Lo que debía pedir a todos ellos era lo inimaginable. Sin embargo, persistentemente planeaba las vidas y posiciones de los demás para cumplir su gran plan. ¿Realmente el fin justifica los medios? ¿Podría lidiar con la destrucción definitiva de Lord Voldemort, incluso si eso significaba sacrificar a Harry, Severus y tantos otros a la causa? A veces Dumbledore se preguntaba si era mejor que el propio Voldemort. Cuántas personas habían sufrido y muerto porque él no podía salvarlos a todos, porque se estaba concentrando en terminar a Voldemort antes que todo lo demás. Cuando todo dependía de las decisiones que tomabas, era difícil que incluso el mejor mago de la época no tuviera dudas.
—¿Albus?
—Lo siento, Minerva. No quise molestarte —susurró Dumbledore, acercándose a tomar la silla junto a su cama.
—¿Has venido? —parecía preocupada, con los ojos sólo parcialmente abiertos—. No tenías que...
—Por supuesto que he venido —dijo Dumbledore con firmeza, extendiendo una mano para cubrir sus manos con la suya—. Y quiero que sepas que hice que el ministro aceptara sacar a Umbridge del colegio inmediatamente. No tendrás que volver a verla.
—Bien —dijo Minerva roncamente.
—Los sanadores confían en que pronto estarás bien —mintió él casualmente, esperando que tal fe aumentara sus posibilidades. Minerva parecía muy agotada y sin aliento, pero no parecía tener ningún dolor. Eso era algo, al menos—. Sólo tienes que descansar.
—Descansaría mejor en mi propia cama —le informó ella obstinadamente.
La barba de Dumbledore se crispó en una sonrisa.
—Pero acabas de llegar aquí —señaló de manera justa.
Minerva ignoró esto.
—Poppy podría ayudarme...
—Me temo que eso no es posible en este momento —dijo Dumbledore disculpándose—. Sólo puedo imaginar lo enojada que estaría la señora Pomfrey conmigo si intentara sacarte de aquí antes de que decidan que estás lista. Todavía no me ha perdonado por los dragones en el Torneo de los Tres Magos del año pasado. Así que, vamos a tomarlo día a día, ¿eh?
—Si tú lo dices —murmuró ella, pero aunque parecía cansada, sus ojos lo miraron con preocupación—. ¿Qué ha pasado esta noche, Albus? He estado muy preocupada.
—Todo salió como lo habíamos planeado —respondió Dumbledore—. No tienes que preocuparte por mí.

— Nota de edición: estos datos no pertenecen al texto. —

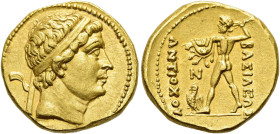KÖNIGREICH BAKTRIEN. Diodotos I., ca. 255/50 - 230 v. Chr. Diodotos I., ca. 255/50 - 230 v. Chr. Stater ø 18mm (8.24g). Im Namen Antiochos' II., ca. 2...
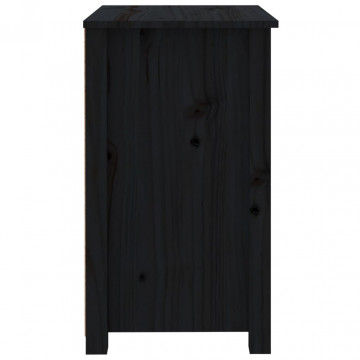 Noptiere, 2 buc., negru, 50x35x61,5 cm, lemn masiv de pin - Img 8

—Claro que sí —replicó Minerva—. Todos estaríamos perdidos sin ti. Ni siquiera puedo soportar imaginar...
—En realidad, es al revés —dijo éste, sabiendo en su corazón que aunque tomaba las decisiones y planeaba las vidas de todos como correspondía, nada se haría si no fuera por los valientes hombres y mujeres con los que se rodeaba—. No sería nada sin ninguno de vosotros —dijo con cuidado, inclinándose para besar la frente de Minerva. Sonrió cuando la vio también hacer lo mismo, mientras sus pestañas se cerraban. —Duerme un poco, querida. Estaré justo aquí.